◆ **What this task involves**: Your response to the data below should hold nothing except the lines from the one containing "What's going on" down to the one containing "Car. Car contains", reproduced exactly and without pictures.

◆ **Given entries**:

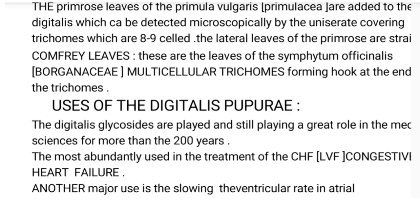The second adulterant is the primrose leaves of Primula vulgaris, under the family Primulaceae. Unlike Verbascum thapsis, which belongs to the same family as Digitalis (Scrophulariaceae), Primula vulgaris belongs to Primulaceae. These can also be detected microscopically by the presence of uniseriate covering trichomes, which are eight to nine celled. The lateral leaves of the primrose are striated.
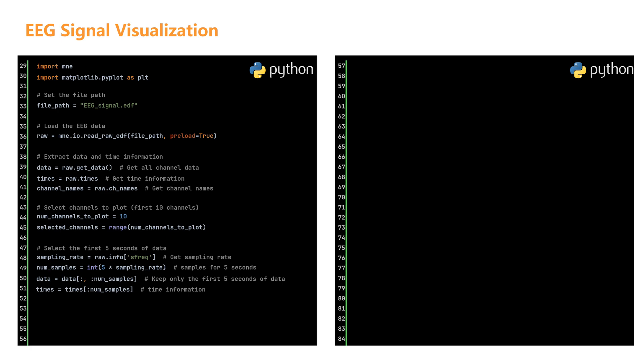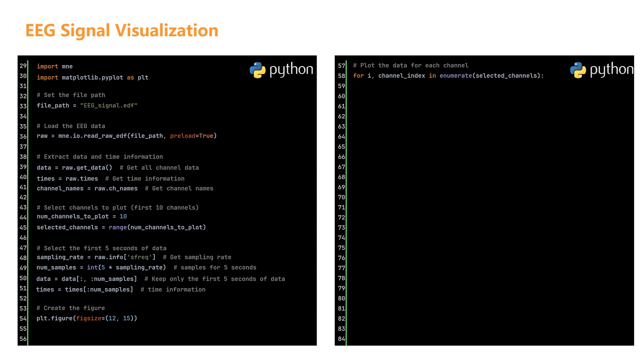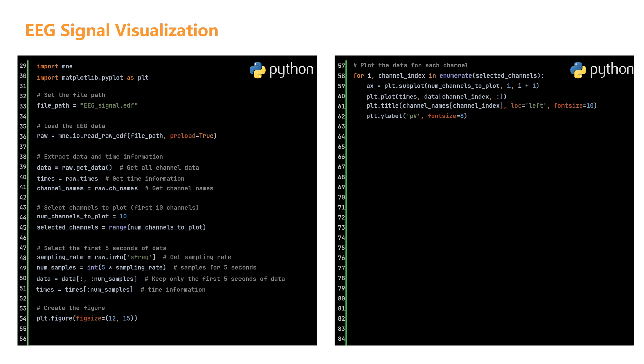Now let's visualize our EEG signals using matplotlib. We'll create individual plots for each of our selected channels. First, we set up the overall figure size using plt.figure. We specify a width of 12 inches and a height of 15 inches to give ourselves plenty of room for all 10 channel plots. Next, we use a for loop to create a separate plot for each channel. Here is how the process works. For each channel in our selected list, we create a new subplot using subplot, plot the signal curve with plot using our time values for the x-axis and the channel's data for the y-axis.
==
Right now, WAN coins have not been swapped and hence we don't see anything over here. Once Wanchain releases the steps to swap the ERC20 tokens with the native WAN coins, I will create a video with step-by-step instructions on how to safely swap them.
--
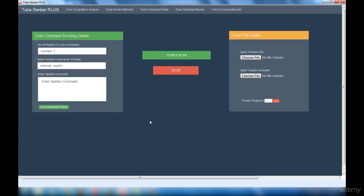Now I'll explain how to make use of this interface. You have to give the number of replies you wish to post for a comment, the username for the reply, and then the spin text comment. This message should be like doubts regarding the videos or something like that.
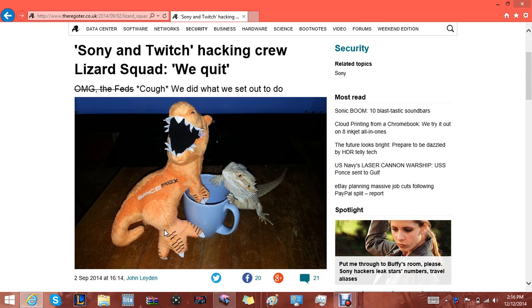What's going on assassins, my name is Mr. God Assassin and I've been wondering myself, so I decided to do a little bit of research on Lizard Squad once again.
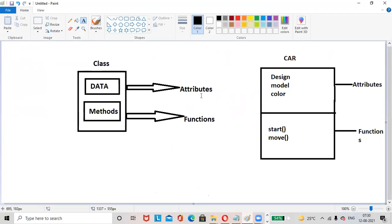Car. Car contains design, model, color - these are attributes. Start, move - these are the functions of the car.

◆ **Response to the exercise**:
What's going on assassins, my name is Mr. God Assassin and I've been wondering myself, so I decided to do a little bit of research on Lizard Squad once again.
Car. Car contains design, model, color - these are attributes. Start, move - these are the functions of the car.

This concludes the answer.